Me? “How can I do that?” I asked, peeling wet toilet paper away from my forehead.
“I have no idea,” she insisted, throwing her hands in the air in exasperation. “You just figure out a way to do it.”
It was painfully obvious that the poor ghost put way too much confidence in my investigational skills. “Why don’t you just… cross
over to the other side or... whatever it is… spirits do.”

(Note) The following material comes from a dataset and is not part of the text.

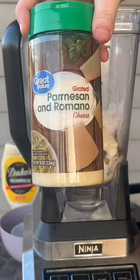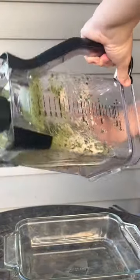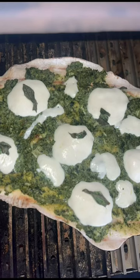Add to a baking dish, top with cheese, and throw it back on the grill until golden brown. Dig in, or turn it into a pizza like I did.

“Because my mother is worried sick and I can’t leave her like this. It breaks my heart to see her suffering when there is no way I can help her.” As shocking as it sounds, ghosts can cry. I watched in silence as fat tears rolled down her cheeks. Then she raised her eyes to me and the fire was back in them. “She needs closure and you are the only one who can help her.” A veil of sadness draped over her beautiful face. “Her baby girl will never marry and give her grandchildren, and my mom really wanted grandchildren.” Then she became serious and looked me dead in the eyes. “If you don’t give her closure I will haunt you for the rest of your natural life.”
What? “Why me?” I cried. “I never did anything to you.”
“Duh.” She put her hand out and snapped her finger under my nose. “You are the only one who can see and hear me. Who else could possibly help me?”
I closed my eyes and rubbed my temples, trying to think of a way to break the unsettling news that I had zero detective skills in a way that wouldn’t set her off again. When I opened my eyes a few seconds later she was gone.
Returning to my seat, I found Irene sound asleep. I should try to catch a nap too, but first I needed to distract my mind from all the weirdness that had suddenly infiltrated my life. Reading should help. I turned on my Kindle and immersed myself in Harper Lee’s new novel.
~*~
I was totally engrossed in the book when the bus pulled into the parking lot at Cracker Barrel.
As we followed the crowd and stepped up on the porch, I was lost in thought until Irene started poking me in the ribs and motioning with her head.
“Stop it, Irene,” I gritted. “Why are you gouging your fingernail in my ribs?”
Her answer was to point toward the porch.
I looked up to find all the rocking chairs rocking without the aid of a human companion, yet there wasn’t the slightest breeze. Hearing someone gasp behind me, I saw several ladies nodding toward the tables where checkers were stacking themselves in neat order, red and black, red and black until they stood in a tower. Was Natalie doing this?